Caption-style text data:
++++
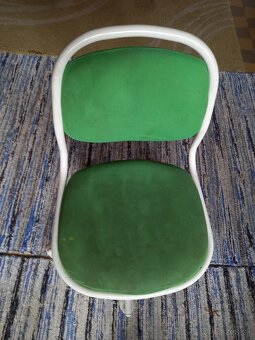 Predám detský polohovateľný stôl IKEA Pahl - 7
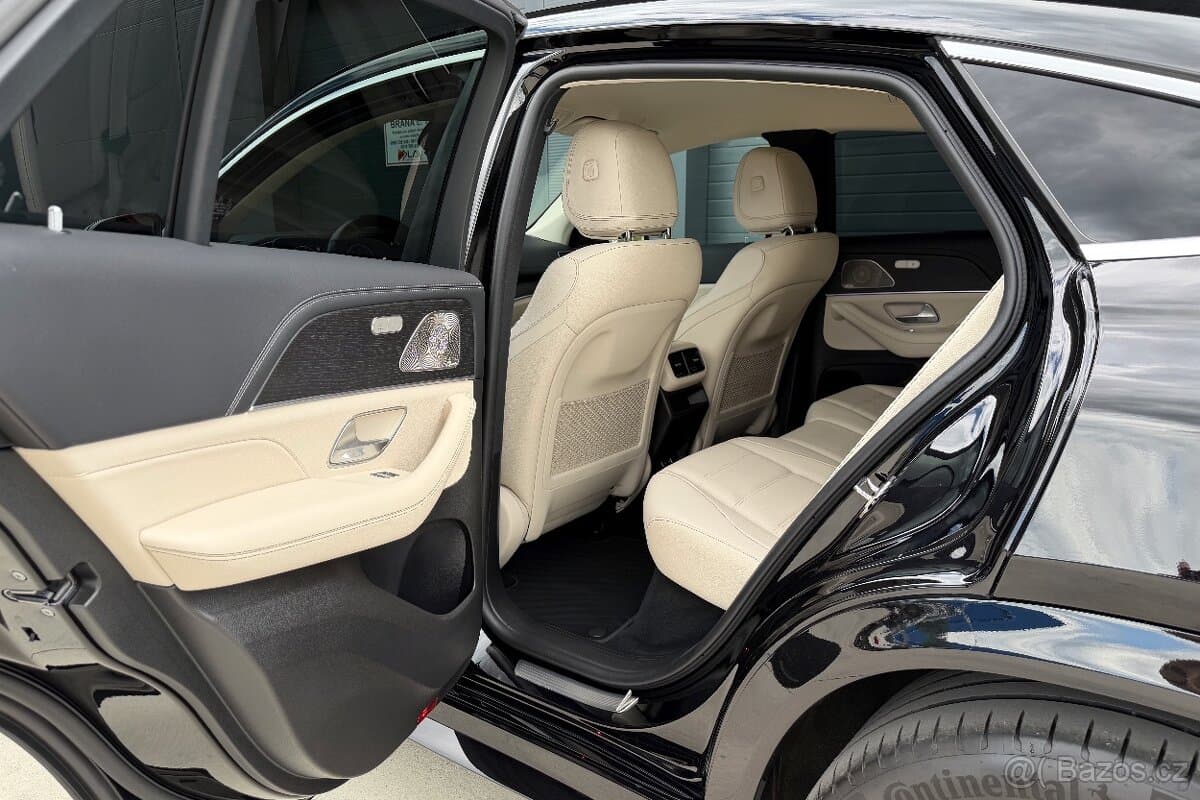 2025 Mercedes-Benz GL - 19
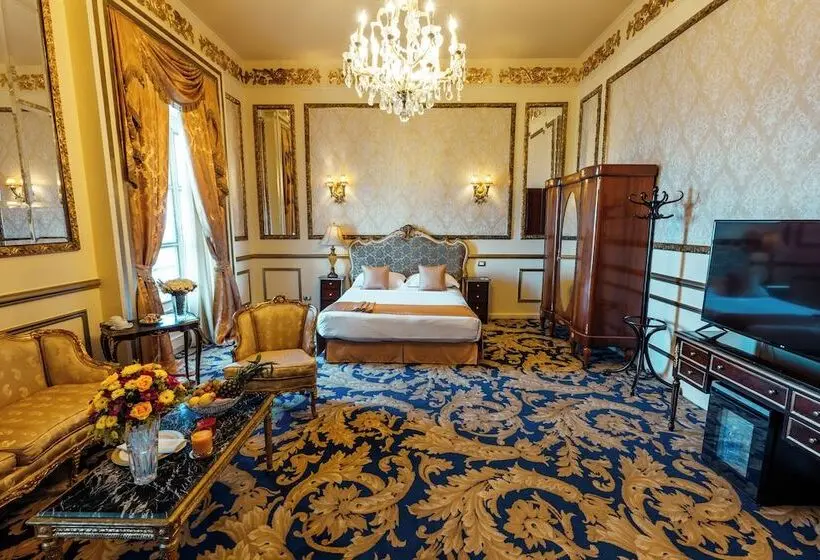 Paradise Inn Le Metropole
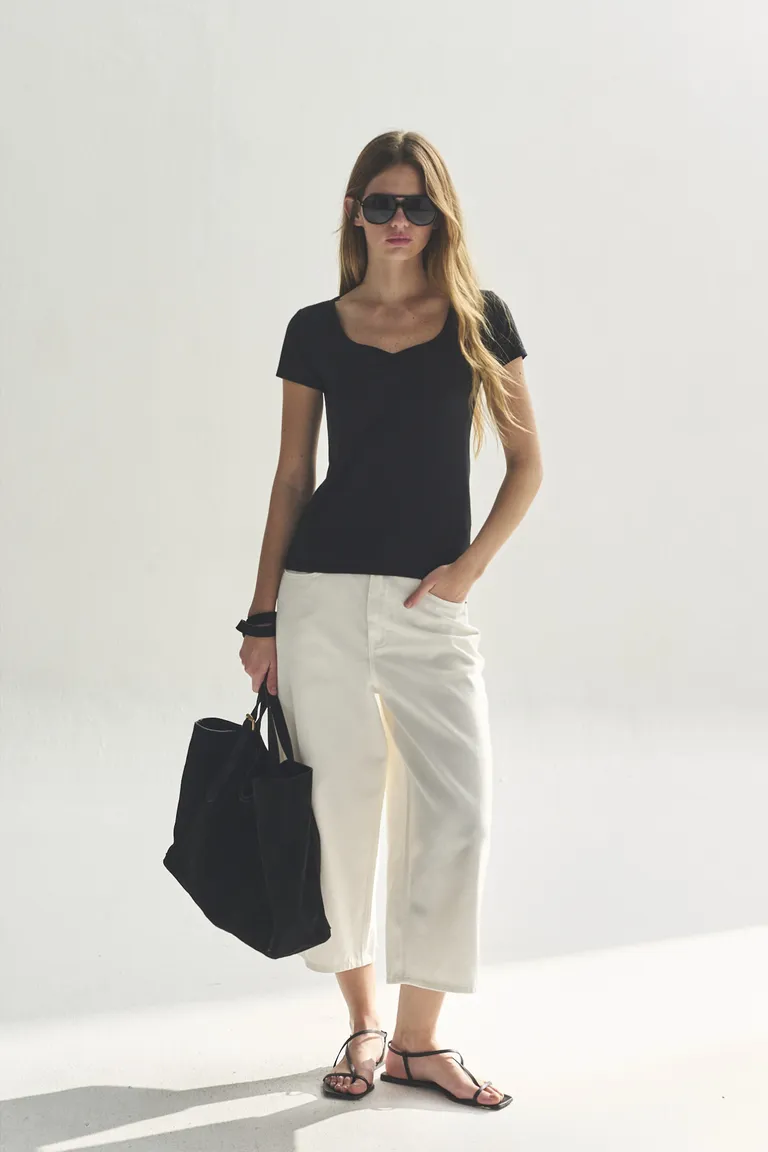 Remera de manga corta en color negro para mujer, de diseño moderno y elegante de Akiabara en Remeras para argentina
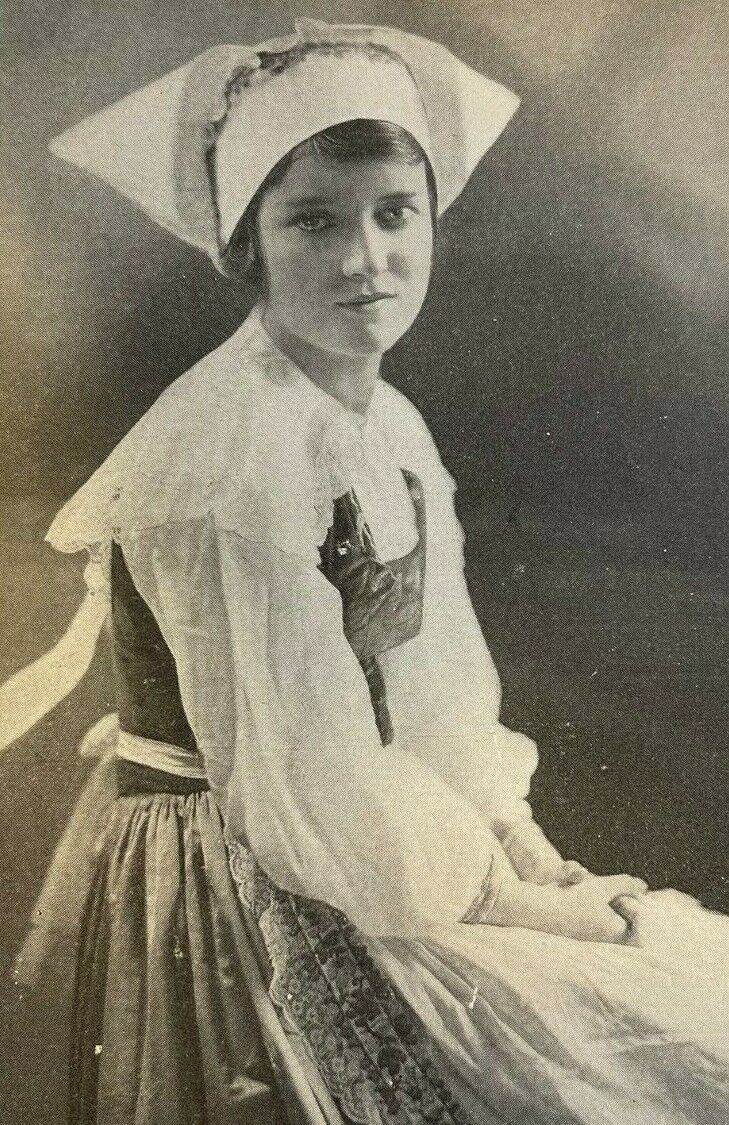 1921 Vintage Magazine Illustration Actress Peggy Wood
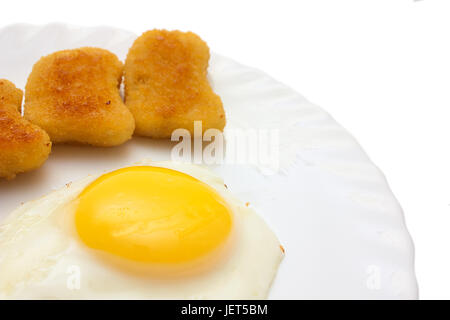 Uovo fritto sunny side up e pepite copia spazio isolato su bianco Foto Stock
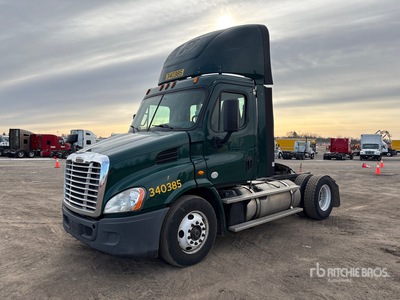 2015 Freightliner Cascadia 113 4x2 S/A Day Cab Truck Tractor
++++
- **Exercise requirements**
If the records contain pictures, skip them, and transcribe exactly every line from the one with "Uovo fritto sunny" through the last line.

- **Task response**
 Uovo fritto sunny side up e pepite copia spazio isolato su bianco Foto Stock
 2015 Freightliner Cascadia 113 4x2 S/A Day Cab Truck Tractor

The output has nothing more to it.